La SCI Argelette II a consenti un bail commercial à la société Granitz portant sur le local d’activité de 208 m². Il est conclu le 27 septembre 2021, avec effet le 15 octobre 2021, pour une durée de neuf années et moyennant le paiement d’un loyer annuel principal de 13 200 euros, payable en 12 termes. À ce jour, le loyer mensuel est de 1 540,80 euros.
La société Granitz ayant été défaillante dans le paiement des loyers, la SCI Argelette II lui a, par acte de commissaire de justice du 25 juillet 2025, fait délivrer un commandement de payer visant la clause résolutoire, pour un montant de 7 950,38 euros, ventilé comme suit :
— la somme de 7 874,40 euros au titre d’une fraction des loyers impayés des mois de mai à juin 2024 et au titre des loyers impayés des mois de février à juin 2025 ;
— la somme de 75,98 euros correspondant au coût de l’acte.
C.EXE : Maître Pierre LAUGERY
C.C :
Copie Défaillant (1) par LS
Copie Dossier
*
Au motif que ce commandement de payer serait resté infructueux, la SCI Argelette II, par acte de commissaire de justice du 04 novembre 2025, a fait assigner la société Granitz devant le président du tribunal judiciaire d’Angers statuant en référé, sur le fondement de l’article L. 145-41 du Code de commerce, aux fins de voir :
— constater la résilitation du bail commercial intervenue de plein droit le 25 août 2025 ;
— ordonner l’expulsion de la société Granitz et de tout occupant de son chef et ce en tant que de besoin avec le concours de la force publique ;
— fixer l’indemnité d’occupation mensuelle due depuis le 25 août 2025, ou à compter du prononcé de la résiliation, au montant du loyer courant qui aurait été dû en cas de non résiliation du bail, éventuellement indexé des taxes et charges en sus ;
— condamner la société Granitz à payer à la SCI Argelette II la somme de 12 496,80 euros à titre d’arriéré de loyers, charges et indemnité d’occupation dus au 17 septembre 2025, augmenté des intérêts au taux légal à compter de la présente assignation ;
— dire que les intrêts se capitaliseront annuellement par application des dispositions de l’article 1343-2 du Code civil ;
— condamner la société Granitz à payer à la SCI Argelette II l’indemnité d’occupation précédemment fixée, à compter du 18 septembre 2025 et ce jusqu’à libération définitive des lieux;
— condamner la société Granitz à payer à la SCI Argelette II les intérêts contractuels à hauteur de 1,5% , plus taxes, des sommes dues ;
— condamner la société Granitz à payer à la SCI Argelette II la somme de 1 500 euros à titre d’indemnité sur le fondement de l’article 700 du code de procédure civile ;
— condamner la société Granitz à payer les entiers dépens ;
— rappeler que l’exécution provisoire est de droit à titre provisoire ;
*
À l’audience du 20 novembre 2025, la SCI Argelette a réitéré ses demandes introductives d’instance, tandis que la société Granitz, partie défendresse régulièrement assignée, ne s’est pas présentée.

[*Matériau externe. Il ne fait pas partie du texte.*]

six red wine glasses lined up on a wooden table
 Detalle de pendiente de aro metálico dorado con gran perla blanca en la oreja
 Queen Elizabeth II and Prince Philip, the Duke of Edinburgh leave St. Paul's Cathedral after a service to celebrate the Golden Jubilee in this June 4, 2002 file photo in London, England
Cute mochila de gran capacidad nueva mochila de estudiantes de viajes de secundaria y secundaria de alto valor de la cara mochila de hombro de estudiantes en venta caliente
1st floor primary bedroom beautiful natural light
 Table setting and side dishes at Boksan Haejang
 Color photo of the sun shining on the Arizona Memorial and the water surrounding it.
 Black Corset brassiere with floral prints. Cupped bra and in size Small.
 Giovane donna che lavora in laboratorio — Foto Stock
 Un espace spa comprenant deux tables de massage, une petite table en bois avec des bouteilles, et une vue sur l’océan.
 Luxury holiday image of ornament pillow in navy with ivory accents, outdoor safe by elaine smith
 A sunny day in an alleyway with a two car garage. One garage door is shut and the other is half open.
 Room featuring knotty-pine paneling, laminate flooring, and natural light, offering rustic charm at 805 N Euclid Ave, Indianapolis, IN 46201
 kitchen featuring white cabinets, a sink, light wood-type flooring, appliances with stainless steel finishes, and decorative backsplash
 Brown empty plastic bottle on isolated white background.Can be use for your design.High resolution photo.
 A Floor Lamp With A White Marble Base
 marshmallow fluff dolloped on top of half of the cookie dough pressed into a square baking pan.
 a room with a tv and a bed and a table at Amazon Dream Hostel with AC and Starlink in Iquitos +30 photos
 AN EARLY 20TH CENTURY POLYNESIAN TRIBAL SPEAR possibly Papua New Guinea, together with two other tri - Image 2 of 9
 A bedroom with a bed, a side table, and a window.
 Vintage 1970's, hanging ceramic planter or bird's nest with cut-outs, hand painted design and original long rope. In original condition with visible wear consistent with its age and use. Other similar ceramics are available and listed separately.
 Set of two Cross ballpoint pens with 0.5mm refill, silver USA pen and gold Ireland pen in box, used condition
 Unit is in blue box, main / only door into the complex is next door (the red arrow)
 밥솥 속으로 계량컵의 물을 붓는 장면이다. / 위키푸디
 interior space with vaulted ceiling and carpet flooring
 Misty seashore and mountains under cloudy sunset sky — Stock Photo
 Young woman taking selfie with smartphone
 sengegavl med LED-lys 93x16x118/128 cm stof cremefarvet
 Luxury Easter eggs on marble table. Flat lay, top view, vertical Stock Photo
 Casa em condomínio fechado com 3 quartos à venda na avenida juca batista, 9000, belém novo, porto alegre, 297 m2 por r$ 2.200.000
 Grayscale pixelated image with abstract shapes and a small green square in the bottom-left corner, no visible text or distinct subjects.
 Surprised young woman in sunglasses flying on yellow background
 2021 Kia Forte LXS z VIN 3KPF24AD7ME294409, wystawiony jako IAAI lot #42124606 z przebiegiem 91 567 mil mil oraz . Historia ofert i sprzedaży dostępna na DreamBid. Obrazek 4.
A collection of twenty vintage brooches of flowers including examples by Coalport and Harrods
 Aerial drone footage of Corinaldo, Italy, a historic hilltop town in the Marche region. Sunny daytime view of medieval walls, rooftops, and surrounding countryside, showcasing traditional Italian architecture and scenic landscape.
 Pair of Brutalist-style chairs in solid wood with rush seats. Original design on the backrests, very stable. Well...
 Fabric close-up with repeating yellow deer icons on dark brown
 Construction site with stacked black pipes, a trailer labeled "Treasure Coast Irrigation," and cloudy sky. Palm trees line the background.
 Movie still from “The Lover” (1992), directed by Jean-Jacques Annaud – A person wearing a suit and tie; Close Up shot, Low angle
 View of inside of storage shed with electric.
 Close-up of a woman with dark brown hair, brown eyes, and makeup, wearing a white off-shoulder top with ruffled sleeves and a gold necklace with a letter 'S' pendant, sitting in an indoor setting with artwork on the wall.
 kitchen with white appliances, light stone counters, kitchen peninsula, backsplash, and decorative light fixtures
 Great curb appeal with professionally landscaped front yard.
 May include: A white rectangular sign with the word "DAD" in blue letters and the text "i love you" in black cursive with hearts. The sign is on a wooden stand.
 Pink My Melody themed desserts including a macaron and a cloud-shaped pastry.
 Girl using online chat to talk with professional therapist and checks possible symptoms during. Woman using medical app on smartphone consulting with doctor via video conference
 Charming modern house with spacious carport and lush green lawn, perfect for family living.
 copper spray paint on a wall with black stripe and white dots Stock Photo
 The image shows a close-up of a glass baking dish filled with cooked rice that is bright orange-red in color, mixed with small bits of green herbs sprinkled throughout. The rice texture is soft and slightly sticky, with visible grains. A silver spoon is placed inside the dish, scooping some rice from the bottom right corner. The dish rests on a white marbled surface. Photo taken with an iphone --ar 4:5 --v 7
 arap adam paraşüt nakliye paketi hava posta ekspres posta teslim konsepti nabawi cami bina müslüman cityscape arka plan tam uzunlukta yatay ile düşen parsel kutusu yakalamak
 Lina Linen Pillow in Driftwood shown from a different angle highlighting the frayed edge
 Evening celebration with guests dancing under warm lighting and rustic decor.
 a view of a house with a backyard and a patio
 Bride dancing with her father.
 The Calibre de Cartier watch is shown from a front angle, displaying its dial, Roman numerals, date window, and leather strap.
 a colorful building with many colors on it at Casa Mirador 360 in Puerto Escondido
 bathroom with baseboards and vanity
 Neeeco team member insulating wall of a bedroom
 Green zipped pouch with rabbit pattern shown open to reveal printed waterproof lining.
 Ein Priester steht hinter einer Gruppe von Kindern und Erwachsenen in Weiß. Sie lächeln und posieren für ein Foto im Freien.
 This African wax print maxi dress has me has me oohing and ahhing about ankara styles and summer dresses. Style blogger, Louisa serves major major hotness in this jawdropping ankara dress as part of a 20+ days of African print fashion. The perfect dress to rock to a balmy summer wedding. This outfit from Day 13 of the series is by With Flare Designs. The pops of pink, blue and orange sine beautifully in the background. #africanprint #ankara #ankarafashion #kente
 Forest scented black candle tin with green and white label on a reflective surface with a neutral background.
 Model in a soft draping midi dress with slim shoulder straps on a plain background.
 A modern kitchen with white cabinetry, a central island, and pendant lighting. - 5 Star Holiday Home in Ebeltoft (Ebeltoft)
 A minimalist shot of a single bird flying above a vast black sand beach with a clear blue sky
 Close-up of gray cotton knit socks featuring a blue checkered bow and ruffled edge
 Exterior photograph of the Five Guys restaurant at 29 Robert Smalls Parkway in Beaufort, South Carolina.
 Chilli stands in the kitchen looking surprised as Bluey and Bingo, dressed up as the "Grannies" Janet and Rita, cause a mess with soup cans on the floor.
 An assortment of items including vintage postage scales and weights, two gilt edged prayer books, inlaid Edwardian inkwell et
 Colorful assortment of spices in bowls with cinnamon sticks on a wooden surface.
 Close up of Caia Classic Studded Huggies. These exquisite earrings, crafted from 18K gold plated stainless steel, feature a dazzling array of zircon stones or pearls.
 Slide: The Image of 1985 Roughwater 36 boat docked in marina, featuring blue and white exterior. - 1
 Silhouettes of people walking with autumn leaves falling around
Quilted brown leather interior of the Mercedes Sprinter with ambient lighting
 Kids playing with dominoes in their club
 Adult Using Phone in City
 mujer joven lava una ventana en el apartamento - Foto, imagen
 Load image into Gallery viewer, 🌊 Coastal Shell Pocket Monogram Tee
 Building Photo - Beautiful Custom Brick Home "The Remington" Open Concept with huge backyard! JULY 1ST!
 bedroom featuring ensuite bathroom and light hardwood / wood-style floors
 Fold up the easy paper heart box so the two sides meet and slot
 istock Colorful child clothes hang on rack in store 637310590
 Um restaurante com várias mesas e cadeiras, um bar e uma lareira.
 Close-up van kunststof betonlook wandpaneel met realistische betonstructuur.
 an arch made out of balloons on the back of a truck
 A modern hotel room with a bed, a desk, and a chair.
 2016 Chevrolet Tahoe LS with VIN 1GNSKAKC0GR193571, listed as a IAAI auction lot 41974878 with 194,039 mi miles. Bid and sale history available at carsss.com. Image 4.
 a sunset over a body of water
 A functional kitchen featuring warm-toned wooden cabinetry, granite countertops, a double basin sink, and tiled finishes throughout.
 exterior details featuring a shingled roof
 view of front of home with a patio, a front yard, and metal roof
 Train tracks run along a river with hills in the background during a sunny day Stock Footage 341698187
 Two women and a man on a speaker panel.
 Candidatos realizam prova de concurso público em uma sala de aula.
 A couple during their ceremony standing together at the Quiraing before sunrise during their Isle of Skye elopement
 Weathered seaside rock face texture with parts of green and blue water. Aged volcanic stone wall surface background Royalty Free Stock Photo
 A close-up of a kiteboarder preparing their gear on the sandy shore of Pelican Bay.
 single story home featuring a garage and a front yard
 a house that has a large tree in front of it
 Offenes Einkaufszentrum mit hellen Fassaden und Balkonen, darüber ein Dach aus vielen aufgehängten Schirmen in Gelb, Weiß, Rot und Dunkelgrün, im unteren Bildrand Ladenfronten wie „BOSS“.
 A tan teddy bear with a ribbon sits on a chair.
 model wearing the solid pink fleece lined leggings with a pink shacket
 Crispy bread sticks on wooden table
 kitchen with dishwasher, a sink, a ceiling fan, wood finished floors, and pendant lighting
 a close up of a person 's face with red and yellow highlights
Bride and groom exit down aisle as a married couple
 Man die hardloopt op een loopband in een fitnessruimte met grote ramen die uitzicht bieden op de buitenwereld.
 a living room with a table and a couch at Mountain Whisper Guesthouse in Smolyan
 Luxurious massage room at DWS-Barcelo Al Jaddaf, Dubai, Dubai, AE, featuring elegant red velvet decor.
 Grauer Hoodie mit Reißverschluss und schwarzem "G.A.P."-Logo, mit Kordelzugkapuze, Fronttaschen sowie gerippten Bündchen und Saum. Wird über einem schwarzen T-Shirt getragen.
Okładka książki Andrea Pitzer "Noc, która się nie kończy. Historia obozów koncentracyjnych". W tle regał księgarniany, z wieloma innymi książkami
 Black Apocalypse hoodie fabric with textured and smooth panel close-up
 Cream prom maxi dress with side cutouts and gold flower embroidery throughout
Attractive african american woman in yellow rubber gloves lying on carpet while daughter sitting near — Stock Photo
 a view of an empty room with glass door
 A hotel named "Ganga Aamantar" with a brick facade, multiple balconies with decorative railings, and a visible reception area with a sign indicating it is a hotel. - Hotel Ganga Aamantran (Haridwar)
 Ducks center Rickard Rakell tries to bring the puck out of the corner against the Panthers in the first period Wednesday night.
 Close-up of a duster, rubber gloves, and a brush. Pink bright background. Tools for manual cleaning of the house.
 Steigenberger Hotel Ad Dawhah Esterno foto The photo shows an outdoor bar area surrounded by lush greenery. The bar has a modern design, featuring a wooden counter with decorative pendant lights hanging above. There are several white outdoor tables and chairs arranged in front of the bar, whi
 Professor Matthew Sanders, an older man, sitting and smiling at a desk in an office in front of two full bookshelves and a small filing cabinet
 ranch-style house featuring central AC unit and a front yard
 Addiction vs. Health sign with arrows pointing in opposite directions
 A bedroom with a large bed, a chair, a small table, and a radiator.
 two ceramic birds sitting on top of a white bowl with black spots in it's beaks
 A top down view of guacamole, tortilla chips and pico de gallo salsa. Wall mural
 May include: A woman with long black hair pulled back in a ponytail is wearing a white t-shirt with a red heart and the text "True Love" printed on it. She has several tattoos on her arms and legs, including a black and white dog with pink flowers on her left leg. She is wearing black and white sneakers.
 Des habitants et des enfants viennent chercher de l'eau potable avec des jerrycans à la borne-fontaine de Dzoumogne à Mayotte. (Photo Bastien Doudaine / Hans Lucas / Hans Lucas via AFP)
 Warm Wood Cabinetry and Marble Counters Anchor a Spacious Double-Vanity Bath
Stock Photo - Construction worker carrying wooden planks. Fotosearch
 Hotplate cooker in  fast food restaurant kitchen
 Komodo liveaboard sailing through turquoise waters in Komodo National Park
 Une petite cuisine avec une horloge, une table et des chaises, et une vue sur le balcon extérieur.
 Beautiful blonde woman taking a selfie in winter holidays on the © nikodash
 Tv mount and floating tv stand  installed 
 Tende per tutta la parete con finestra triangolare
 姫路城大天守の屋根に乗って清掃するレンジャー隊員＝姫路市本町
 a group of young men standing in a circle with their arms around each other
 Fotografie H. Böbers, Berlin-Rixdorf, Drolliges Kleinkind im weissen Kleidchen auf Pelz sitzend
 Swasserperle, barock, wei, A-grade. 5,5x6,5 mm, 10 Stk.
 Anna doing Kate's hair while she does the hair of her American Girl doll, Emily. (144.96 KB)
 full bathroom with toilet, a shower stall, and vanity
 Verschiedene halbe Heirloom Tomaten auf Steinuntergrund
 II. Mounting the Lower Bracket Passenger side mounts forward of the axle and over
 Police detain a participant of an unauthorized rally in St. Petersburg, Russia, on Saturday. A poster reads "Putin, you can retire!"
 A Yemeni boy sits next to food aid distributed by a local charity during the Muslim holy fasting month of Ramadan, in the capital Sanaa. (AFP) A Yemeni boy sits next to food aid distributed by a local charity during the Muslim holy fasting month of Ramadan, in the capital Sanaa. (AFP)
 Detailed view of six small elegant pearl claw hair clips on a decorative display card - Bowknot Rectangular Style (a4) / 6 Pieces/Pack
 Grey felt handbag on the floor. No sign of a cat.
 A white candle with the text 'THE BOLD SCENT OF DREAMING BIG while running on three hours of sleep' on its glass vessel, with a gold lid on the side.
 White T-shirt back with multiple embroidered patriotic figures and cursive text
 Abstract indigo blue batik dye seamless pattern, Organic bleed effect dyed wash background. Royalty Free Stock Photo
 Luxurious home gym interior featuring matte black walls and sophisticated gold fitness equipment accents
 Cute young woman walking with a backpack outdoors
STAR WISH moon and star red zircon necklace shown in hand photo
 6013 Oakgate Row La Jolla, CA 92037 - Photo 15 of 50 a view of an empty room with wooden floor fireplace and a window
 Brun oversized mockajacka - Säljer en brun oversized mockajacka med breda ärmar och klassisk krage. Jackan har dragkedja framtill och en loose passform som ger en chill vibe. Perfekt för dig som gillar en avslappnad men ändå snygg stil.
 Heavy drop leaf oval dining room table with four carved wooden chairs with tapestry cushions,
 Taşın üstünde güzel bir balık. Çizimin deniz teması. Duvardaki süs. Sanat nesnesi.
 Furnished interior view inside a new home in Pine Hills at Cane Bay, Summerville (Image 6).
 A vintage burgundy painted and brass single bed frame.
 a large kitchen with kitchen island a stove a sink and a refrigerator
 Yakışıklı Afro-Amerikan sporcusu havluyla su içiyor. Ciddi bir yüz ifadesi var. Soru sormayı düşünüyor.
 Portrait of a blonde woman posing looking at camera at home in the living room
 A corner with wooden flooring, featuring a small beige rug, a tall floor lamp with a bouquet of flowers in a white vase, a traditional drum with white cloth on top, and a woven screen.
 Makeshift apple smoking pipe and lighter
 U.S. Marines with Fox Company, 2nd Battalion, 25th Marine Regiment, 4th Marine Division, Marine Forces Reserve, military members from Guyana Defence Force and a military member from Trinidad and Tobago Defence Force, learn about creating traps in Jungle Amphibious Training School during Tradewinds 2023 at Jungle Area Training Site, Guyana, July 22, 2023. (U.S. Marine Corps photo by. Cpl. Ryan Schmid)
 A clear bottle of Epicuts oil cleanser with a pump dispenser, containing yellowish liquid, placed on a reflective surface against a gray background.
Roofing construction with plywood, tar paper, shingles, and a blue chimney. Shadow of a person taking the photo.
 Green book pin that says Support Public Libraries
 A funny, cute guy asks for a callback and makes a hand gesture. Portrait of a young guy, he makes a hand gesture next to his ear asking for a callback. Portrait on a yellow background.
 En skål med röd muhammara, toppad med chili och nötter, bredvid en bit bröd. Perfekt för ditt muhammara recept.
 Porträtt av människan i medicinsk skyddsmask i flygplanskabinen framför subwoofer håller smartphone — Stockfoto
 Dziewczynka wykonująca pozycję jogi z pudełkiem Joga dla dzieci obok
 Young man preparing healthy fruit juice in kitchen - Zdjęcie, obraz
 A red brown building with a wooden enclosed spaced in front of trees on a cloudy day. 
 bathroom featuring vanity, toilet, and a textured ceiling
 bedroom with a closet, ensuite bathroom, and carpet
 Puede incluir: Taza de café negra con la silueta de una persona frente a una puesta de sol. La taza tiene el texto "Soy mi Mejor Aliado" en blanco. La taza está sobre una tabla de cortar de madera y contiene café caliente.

L’affaie a été mise en délibéré au 11 décembre 2025.
Conformément à l’article 446-1 du code de procédure civile, pour plus ample informé de l’exposé et des prétentions des parties, il est renvoyé à l’assignation introductive d’instance et aux écritures déposées et développées oralement à l’audience.
MOTIFS DE LA DÉCISION
Aux termes de l’article 472 du code de procédure civile, lorsque le défendeur ne comparaît pas, le juge ne fait droit à la demande que dans la mesure où il l’estime régulière, recevable et bien fondée, notamment au regard des dispositions d’ordre public régissant la matière.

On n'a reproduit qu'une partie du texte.